BAO Ziyou, WANG Yan, WANG Renxue, HUANG Tao, LIU Hongbin*

(National Key Laboratory of Reproductive Medicine and Offspring Health, Shandong University, Institute of Women, Children and Reproductive Health, Shandong University, Jinan 250012, China)
Abstract:

Meiosis is the basis for the production of haploid gametes and genetic diversity in sexual reproductive organisms. During this process, DNA replicates once and the cell divides continuously twice, forming four gametes with half of the mother cell’s chromosomes.

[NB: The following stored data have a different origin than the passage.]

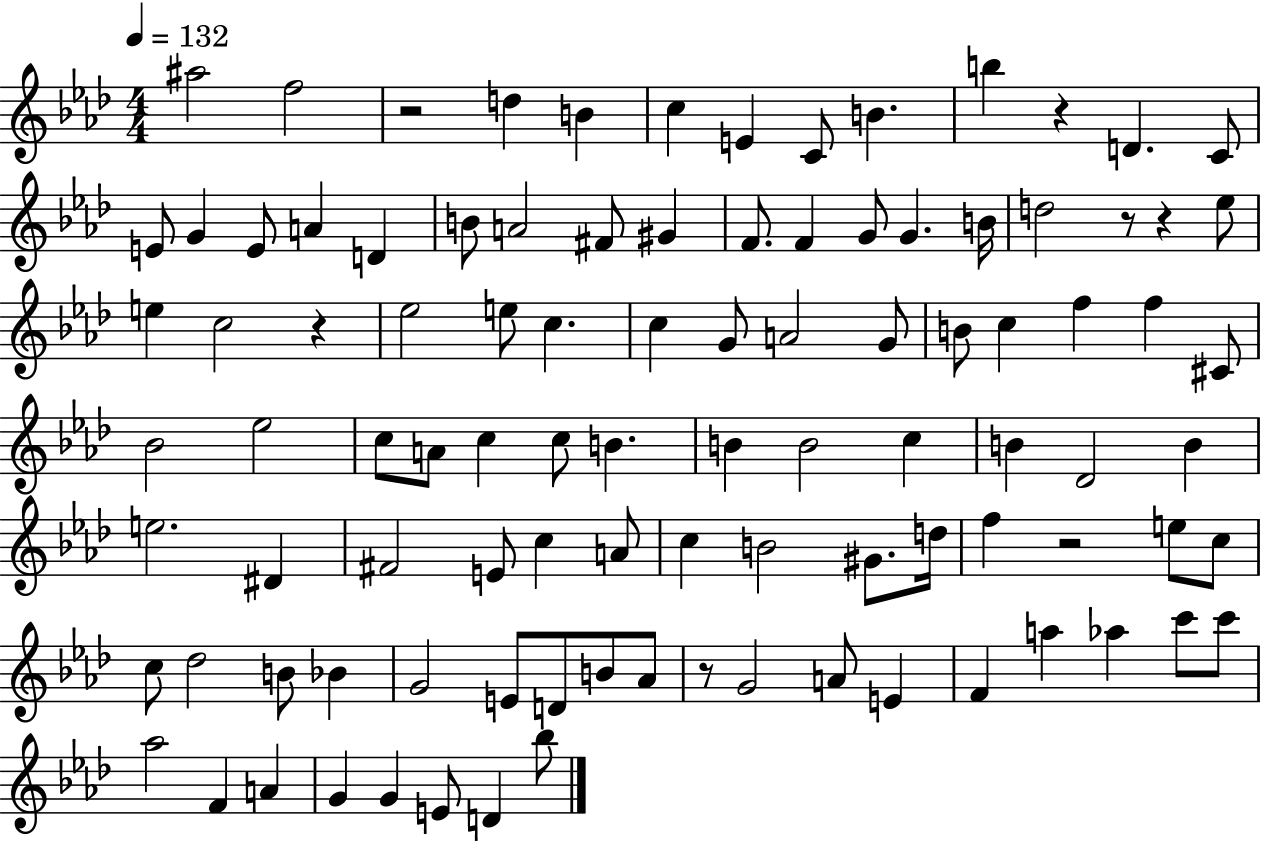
{
  \clef treble
  \numericTimeSignature
  \time 4/4
  \key aes \major
  \tempo 4 = 132
  ais''2 f''2 | r2 d''4 b'4 | c''4 e'4 c'8 b'4. | b''4 r4 d'4. c'8 | \break e'8 g'4 e'8 a'4 d'4 | b'8 a'2 fis'8 gis'4 | f'8. f'4 g'8 g'4. b'16 | d''2 r8 r4 ees''8 | \break e''4 c''2 r4 | ees''2 e''8 c''4. | c''4 g'8 a'2 g'8 | b'8 c''4 f''4 f''4 cis'8 | \break bes'2 ees''2 | c''8 a'8 c''4 c''8 b'4. | b'4 b'2 c''4 | b'4 des'2 b'4 | \break e''2. dis'4 | fis'2 e'8 c''4 a'8 | c''4 b'2 gis'8. d''16 | f''4 r2 e''8 c''8 | \break c''8 des''2 b'8 bes'4 | g'2 e'8 d'8 b'8 aes'8 | r8 g'2 a'8 e'4 | f'4 a''4 aes''4 c'''8 c'''8 | \break aes''2 f'4 a'4 | g'4 g'4 e'8 d'4 bes''8 | \bar "|."
}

In the early stage of meiosis, homologous chromosomes undergo pairing, synapsis, recombination, and separation in sequence, and the parental chromosomes are correctly assigned to gametes, achieving stable transmission of genetic material between biological generations. Post-translational modification of histones is one of the important epigenetic mechanisms, including histone methylation (me), acylation (ac), phosphorylation (ph), ubiquitination (ub), and so on. The establishment, recognition, erasure, and cross talk between different histone modifications reveal a “histone code” that participates in DNA replication, damage repair, gene expression, and chromatin conformational changes, playing important roles in multiple stages of meiosis. This article reviews the recent research progress on the involvement of histone post-translational modifications in important biological events related to meiosis, and provides new insights for subsequent research contents and directions.